The would-be factory owner sues. The government would have to prove, most likely in a court with a Bush appointee sitting on the bench, that the Texas factory will “take” a polar bear in Alaska. That’s not only a difficult argument in a court of law, it’s a difficult argument in the court of public opinion. “Save an American,” the bumper stickers will read, “kill a polar bear.” Losing that argument in either kind of court hurts the Endangered Species Act, hurts the effort to prevent global warming, and hurts polar bears.
It also takes the issue out of the Administration’s hands. Salazar:
We must do all we can to help the polar bear recover, recognizing that the greatest threat to the polar bear is the melting of Arctic sea ice caused by climate change. However, the Endangered Species Act is not the proper mechanism for controlling our nation’s carbon emissions. Instead, we need a comprehensive energy and climate strategy that curbs climate change and its impacts — including the loss of sea ice.

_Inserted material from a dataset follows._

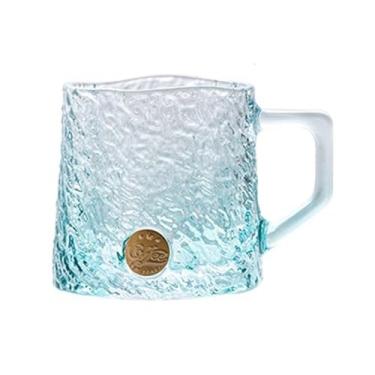 Imagem de Copo de vidro de água de 255 g com alça, pequeno copo de vidro transparente colorido para café, chá, suco, leite (azul)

Former Bush Press Secretary Dana Perino responded to Salazar’s decision with a “Well now”:
Well now. I remember what happened when we made our announcement…. Where is the outrage and the letters from Senator Boxer and Congressman Waxman decrying the Friday afternoon release, calling for investigations and alleging manipulation of the science and the law? Where are the press releases and lawsuits from the environmental groups? Where are the two people who dressed up as polar bears and crashed Sen. Kempthorne’s press conference? Where are the breathless and indignant above-the-fold, page one newspaper stories? And the cute photos of the polar bears standing on floating ice floes?

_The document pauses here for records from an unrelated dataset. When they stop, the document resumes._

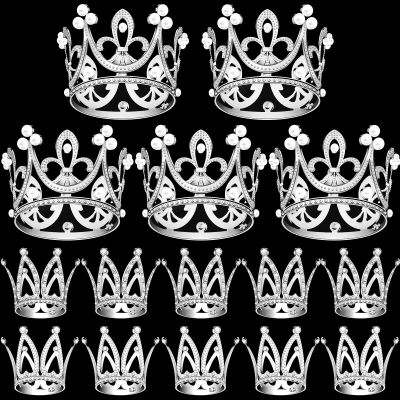 15Pcs Crown Cake Topper, Silver Mini Crowns, Small Crystal Pearl Cupcake Toppers for Flower Arrangements Cupcake Baby Shower Birthday Party Wedding Decor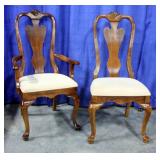 Queen Anne Style Padded Fiddleback Dining Chair and Captain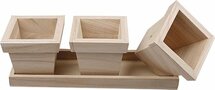 Bloempot - Houten Bloempot Set - Elegante Smalle Bloempotten - Langwerpige Terraspotten - Houten Sierpotten Op Schaal - 9x9x9 cm - 3 Stuks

Perino spoke too soon, because much of that outrage has materialized, but she is right about one thing: it’s disconcerting to see the Administration in fleeting agreement with the likes of Sarah Palin (who tweeted her approval), the Editorial Bored at the Fairbanks Daily News-Miner (who called it sensible), or any of the oil junkies in the Bush Administration. But while the rule remains the same, it has a different context in 2009 than it had in 2008.
In 2008 it was part of a strategy of global warming denial, avoidance, and exacerbation. In 2009, it’s part of a strategy that has already done more to address climate change than has ever been done before, some of it in the stimulus bill, some of it in the budget, some of it in regulation: establishment of carbon dioxide as a pollutant, stricter fuel-efficiency standards for cars and ships, unprecedented funding for energy efficiency, alternative energy, high-speed rail, green buildings, hybrid cars….
When this Administration says it has a better approach to climate change, it might. If it finds lifting the rule unhelpful, maybe that’s because it is unhelpful. It can revisit the rule if polar bears take a sudden turn, or if the Administration becomes empowered by science or politics to prove the causal connection between the peril of individual polar bears and the emissions from individual projects from Kilauea to Tallahassee.
When Greenpeace urges people to “Call Sec. Salazar and tell him you are disappointed he has caved to industry pressure,” it doesn’t help polar bears. It just makes Dana Perino happy.
So cool your jets, polar bear fans. Put it on ice.